# CC cheap ferry booked



## nickkdx (May 26, 2009)

Just booked ferry,Dover-Dunkerque with CC for £27 one way on 6th April at 6am. Not bad price I thought now the decision Marina Parade or Canterbury P&R.Can you get out off P&R early and can you get water.
Nick


----------



## wasfitonce (Apr 27, 2009)

*CC Cheap Ferry Ticket*

Use the Cite of Europe car park. Very quite and safe, don,t for get to put the alarm on !! Have a good trip

Paul and Ann


----------



## Traveller_HA5_3DOM (May 9, 2005)

Hi Nick
You can usually get out of the Dover P & R early but last week when we stayed over the outside pay machine was out of order. Just phoned the number on the notice and the man at the control center opened the barrier. Saved £2.50. and yes there is water and a toilet dump.


----------



## Grizzly (May 9, 2005)

I'd go for Marine Parade if you have a 6 am sailing. At least you won't have to get out of bed _quite_ so early that way.

Be careful - if you are coming back via DFDS/ Norfolkline- that you travel on the exact tikme and date booked.

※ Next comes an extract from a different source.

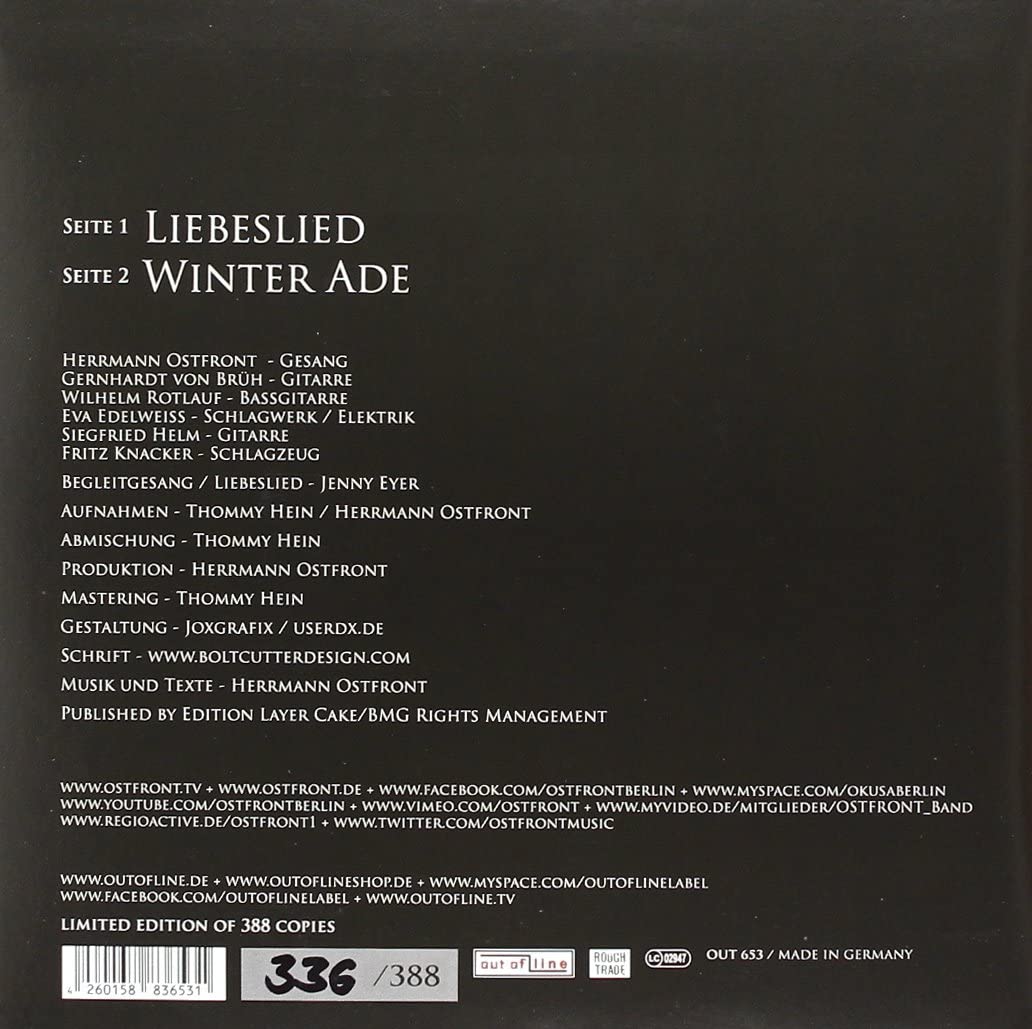 Various Artists - Liebeslied (7" Vinyl)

We changed our booking about 3 weeks ago for one exactly 1 week early (same time, same day) and were charged more to change it than we had paid for the fare in the first place.

G


----------



## fdhadi (May 9, 2005)

Just booked Dover / Dunkirk, 

8m x 3m m/h, 2 x adults & 2 children, out July & back Aug.

£84 return  

Booked through CC.


----------